CA2720636A1

CA2720636A1 - Method and apparatus for maintaining speech audibility in multi-channel audio with minimal impact on surround experience

Info

Publication number: CA2720636A1
Application number: CA2720636A
Authority: CA
Inventors: Hannes Muesch
Original assignee: Dolby Laboratories Licensing Corp
Current assignee: Dolby Laboratories Licensing Corp
Priority date: 2008-04-18
Filing date: 2009-04-17
Publication date: 2010-01-28
Anticipated expiration: 2029-04-17
Also published as: RU2467406C2; WO2010011377A3; WO2010011377A2; IL208436A0; US20110054887A1; HK1153304A1; EP2373067A1; SG189747A1; UA101974C2; US8577676B2; BRPI0923669A2; KR101238731B1; BRPI0911456B1; RU2541183C2; MY159890A; CN102007535A; MY179314A; IL208436A; JP2011172235A; AU2009274456A1

Abstract

In one embodiment the present invention includes a method of improving audibility of speech in a multi-channel audio signal. The method includes comparing a first characteristic and a second characteristic of the multi-channel audio signal to generate an attenuation factor. The first characteristic corresponds to a first channel of the multi-channel audio signal that contains speech and non-speech audio, and the second characteristic corresponds to a second channel of the multi-channel audio signal that contains predominantly non-speech audio. The method further includes adjusting the attenuation factor according to a speech likelihood value to generate an adjusted attenuation factor. The method further includes attenuating the second channel using the adjusted attenuation factor.

Claims

1. A method of improving audibility of speech in a multi-channel audio signal, comprising:
comparing a first characteristic and a second characteristic of the multi-channel audio signal to generate an attenuation factor, wherein the first characteristic corresponds to a first channel of the multi-channel audio signal that contains speech audio and non-speech audio, wherein the first characteristic corresponds to a first measure that is related to a strength of a signal in the first channel, wherein the second characteristic corresponds to a second channel of the multi-channel audio signal that contains predominantly non-speech audio, and wherein the second characteristic corresponds to a second measure that is related to a strength of a signal in the second channel, including:
determining a difference between the first measure and the second measure, and calculating the attenuation factor based on the difference and a minimum difference;
adjusting the attenuation factor according to a speech likelihood value to generate an adjusted attenuation factor; and attenuating the second channel using the adjusted attenuation factor.

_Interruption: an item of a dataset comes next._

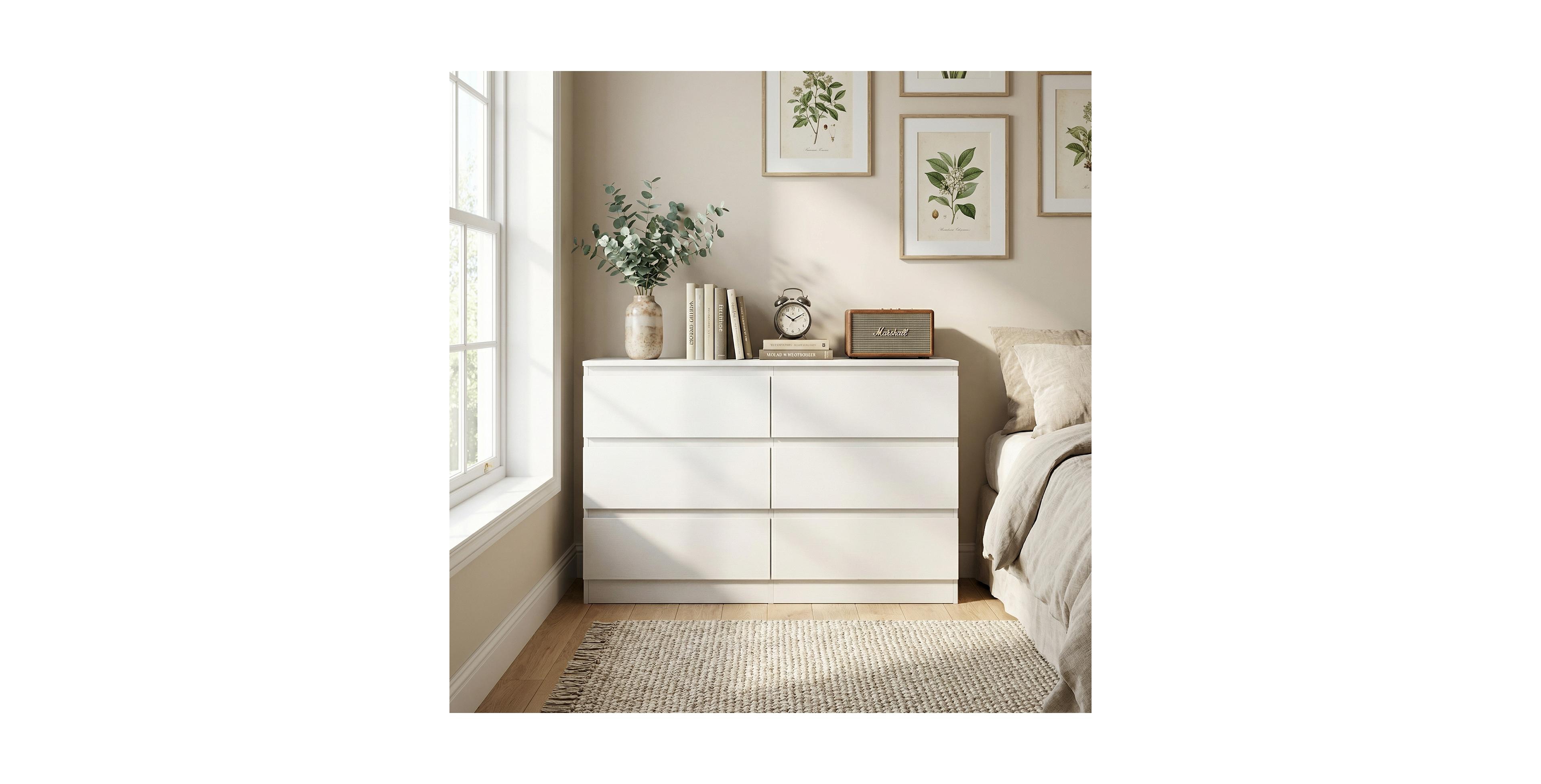 flynama White 6-Drawer Modern Dresser with Concealed Handles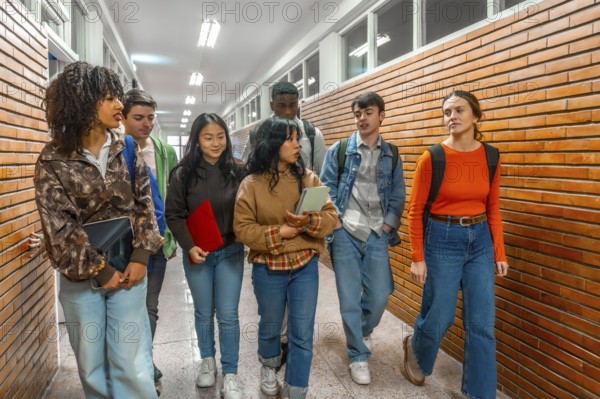 Multi ethnic university students walking down school hallway, chatting and holding books and tablets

2. The method of claim 1, further comprising:
processing the multi-channel audio signal to generate the first characteristic and the second characteristic.

3. The method of claim 1, further comprising:
processing the first channel to generate the speech likelihood value.

4. The method of claim 1, wherein the second channel is one of a plurality of second channels, wherein the second characteristic is one of a plurality of second characteristics, wherein the attenuation factor is one of a plurality of attenuation factors, and wherein the adjusted attenuation factor is one of a plurality of adjusted attenuation factors, further comprising:
comparing the first characteristic and the plurality of second characteristics to generate the plurality of attenuation factors;
adjusting the plurality of attenuation factors according to the speech likelihood value to generate the plurality of adjusted attenuation factors;
and attenuating the plurality of second channels using the plurality of adjusted attenuation factors.

5. The method of claim 1, wherein the multi-channel audio signal includes a third channel that contains predominantly non-speech audio, further comprising:
comparing the first characteristic and a third characteristic to generate an additional attenuation factor, wherein the third characteristic corresponds to the third channel;
adjusting the additional attenuation factor according to the speech likelihood value to generate an adjusted additional attenuation factor; and attenuating the third channel using the adjusted attenuation factor.

6. The method of claim 1, wherein the first measure is a first power level of the signal in the first channel, wherein the second measure is a second power level of the signal in the second channel, and wherein the difference is a difference between the first power level and the second power level.

7. The method of claim 1, wherein the first measure is a first power of the signal in the first channel, wherein the second measure is a second power of the signal in the second channel, and wherein the difference is a ratio between the first power and the second power.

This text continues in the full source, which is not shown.